V. Environmental Analysis

    89. The Commission is required to prepare an Environmental 
Assessment or an Environmental Impact Statement for any action that may 
have a significant adverse effect on the human environment.\122\ The 
Commission has categorically excluded certain Docket Number RM19-2-000 
actions from this requirement as not having a significant effect on the 
human environment.\123\ The actions proposed here fall within the 
categorical exclusions in the Commission's regulations for rules that 
are clarifying, corrective, or procedural, or do not substantially 
change the effect of legislation or regulations being amended.\124\ In 
addition, this final rule is categorically excluded as an electric rate 
filing submitted by a public utility under Federal Power Act sections 
205 and 206.\125\ As explained above, this final rule, which addresses 
the issue of electric rate filings submitted by public utilities for 
market-based rate authority, is clarifying in nature. Accordingly, no 
environmental assessment is necessary and none has been prepared in 
this final rule.
---------------------------------------------------------------------------

    \122\ Regulations Implementing the National Environmental Policy 
Act of 1969, Order No. 486, FERC Stats. & Regs., ] 30,783 (1987) 
(cross-referenced at 41 FERC ] 61,284).
    \123\ 18 CFR 380.4.
    \124\ 18 CFR 380.4(a)(2)(ii).
    \125\ 18 CFR 380.4(a)(15).
---------------------------------------------------------------------------

VI. Regulatory Flexibility Act

    90. The Regulatory Flexibility Act of 1980 (RFA) \126\ generally 
requires a description and analysis of final rules that will have 
significant economic impact on a substantial number of small entities. 
The RFA mandates consideration of regulatory alternatives that 
accomplish the stated objectives of a final rule and minimize any 
significant economic impact on a substantial number of small entities. 
In lieu of preparing a regulatory flexibility analysis, an agency may 
certify that a final rule will not have a significant economic impact 
on a substantial number of small entities.
---------------------------------------------------------------------------

    \126\ 5 U.S.C. 601-612.
---------------------------------------------------------------------------

    91. The Small Business Administration's (SBA) Office of Size 
Standards develops the numerical definition of a small business.\127\ 
The SBA size standard for electric utilities is based on the number of 
employees, including affiliates.\128\ Under SBA's current size 
standards, an electric utility (one that falls under NAICS codes 221122 
[electric power distribution], 221121 [electric bulk power transmission 
and control], or 221118 [other electric power generation]) \129\ are 
small if it, including its affiliates, employs 1,000 or fewer 
people.\130\
---------------------------------------------------------------------------

    \127\ 13 CFR 121.101.
    \128\ Id. 121.201.
    \129\ The North American Industry Classification System (NAICS) 
is an industry classification system that Federal statistical 
agencies use to categorize businesses for the purpose of collecting, 
analyzing, and publishing statistical data related to the U.S. 
economy.

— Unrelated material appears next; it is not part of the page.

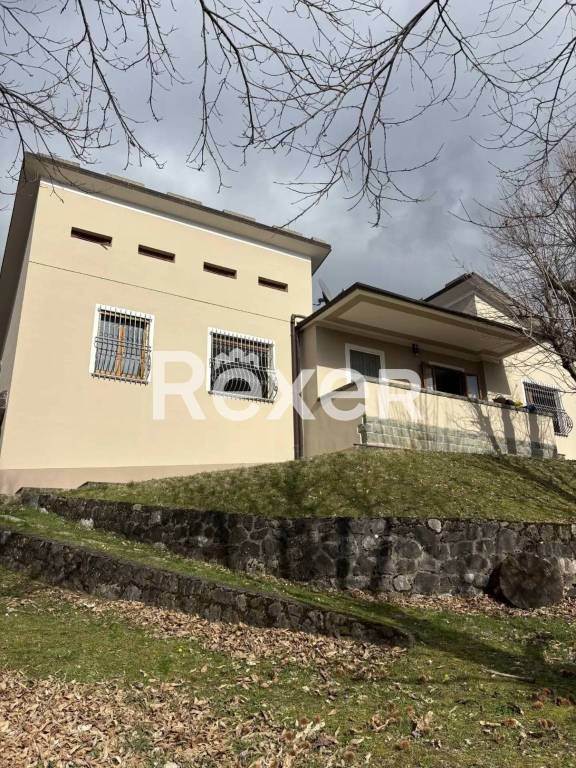 casa indipendente in vendita a Bagni di Lucca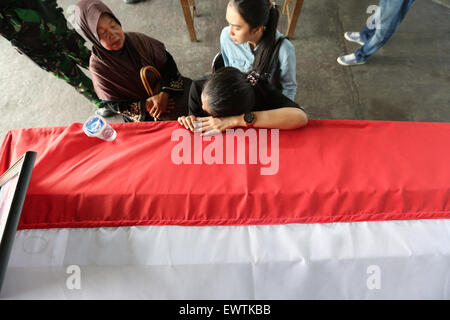 Medan, nel nord di Sumatra, Indonesia. 1 Luglio, 2015. MEDAN, INDONESIA - 01 Luglio: Famiglia di piangere davanti alla bara, vittima dei militari indonesiani aereo si schianta a Soewondo Air Base sulla luglio 01, 2015 a Medan, Provincia del Nord Sumatra, Indonesia. Un totale di 39 personale dell'Indonesia Air Force crash vittime sono state identificate e consegnato alle famiglie delle vittime. Credito: ZUMA Press, Inc./Alamy Live News Foto Stock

United States Census Bureau, North American Industry 
Classification System, https://www.census.gov/eos/www/naics/.
    \130\ 13 CFR 121.201 (Sector 22--Utilities).
---------------------------------------------------------------------------

    92. Out of the 2,500 market-based rate Sellers who are potential 
respondents subject to the requirements proposed by this final rule, 
the Commission estimates approximately 74 percent of the affected 
entities (or approximately 1,850) are small entities. We estimate that 
none of the 1,850 small entities to whom the final rule apply will 
incur additional cost because these small entities will no longer be 
required to file indicative screens causing a reduction in burden, not 
an increase.
    93. The final rule will eliminate some requirements and reduce 
burden on entities of all sizes (public utilities seeking and currently 
possessing market-based rate authority). Implementation of the final 
rule is expected to reduce total annual burden by 24,150 hours per year 
or 9.66 hours per entity with a related reduced cost of $2,270,100 per 
year or $908.04 per entity to the industry when filing triennial market 
power analyses and market power analyses in new applications for 
market-based rates, and will further reduce burden when filing notices 
of change in status.
    94. As discussed in Order No. 697,\131\ current regulations 
regarding market-based rate Sellers under Subpart H to Part 35 of Title 
18 of the Code of Federal Regulations exempt many small entities from 
significant filing requirements by designating them as Category 1 
Sellers. Category 1 Sellers are exempt from triennial updates and may 
use simplifying assumptions, such as Sellers with fully-committed 
generation may submit an explanation that their generation is fully 
committed in lieu of submitting indicative screens, that the Commission 
allows Sellers to utilize in

[[Page 36386]]

submitting their horizontal market power analysis.
---------------------------------------------------------------------------

    \131\ Order No. 697, 119 FERC ] 61,295 at PP 1126-1129.
---------------------------------------------------------------------------

    95. The final rule will relieve Sellers in certain RTO/ISO markets 
of the requirement to submit indicative screens and will reduce the 
burden on those Sellers, including small entities. The changes to the 
Commission's regulations are estimated to cause a reduction of 41 
percent in total annual burden to Sellers when filing triennial market 
power analyses and market power analyses in new applications for 
market-based rates, including small entities.
    96. Accordingly, pursuant to section 605(b) of the RFA, the 
Commission certifies that this final rule will not have a significant 
economic impact on a substantial number of small entities.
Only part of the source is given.